Aligning neural network representations with human similarity judgments

Recent research in the space of representation learning has demonstrated the usefulness of aligning neural network representations with human similarity judgments for both machine learning (ML) downstream tasks and the Cognitive Sciences (see here, here, and here for references). While harmonized models or models fine-tuned using the DreamSim objective are models whose weights were trained or fine-tuned to be human-aligned (and as such count as aligned models), there are ways to separate alignment from (pre-)training and post-align the features of a base model (such as CLIP) while preserving the representation structure of the base model.

gLocal

If you want to post-align the extracted representations with human object similarity according to the approach introduced in Improving neural network representations using human similiarty judgments you can optionally align the extracted features using the following method:

aligned_features = extractor.align(
    features=features
    module_name=module_name,
    alignment_type="gLocal",
)

Since that kind of alignment simply applies an affine transformation to a model’s representation space, it is computationally incredibly cheap. For now, representational alignment is only implemented for gLocal and for the following list of models: clip_RN50, clip_ViT-L/14, OpenCLIP_ViT-L-14_laion400m_e32, OpenCLIP_ViT-L-14_laion2b_s32b_b82k dinov2-vit-base-p14, dinov2-vit-large-p14, dino-vit-base-p16, dino-vit-base-p8, resnet18, resnet50, vgg16, alexnet. However, we intend to extend both the type of representational alignment and the range of models in future versions of thingsvision.

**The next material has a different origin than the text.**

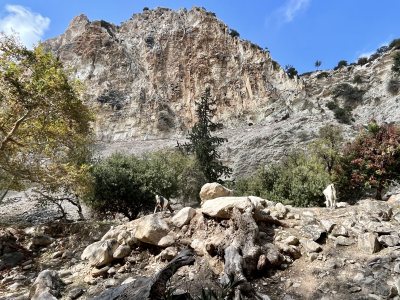 Avakas Gorge Nature Trail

Caution: For the ImageNet-trained models resnet18, resnet50, vgg16, and alexnet gLocal does not achieve a best-of-both-worlds-representation for ML downstream tasks and human alignment. While gLocal significantly improves alignment with human similarity judgments for these models, it deteriorates their ML downstream task performance (such as few-shot learning and out-of-distribution detection). Hence, it does not transform the features into a best-of-both-worlds-represenation space as it does for CLIP-like models. If you are not interested in ML downstream task performance, you can safely ignore this.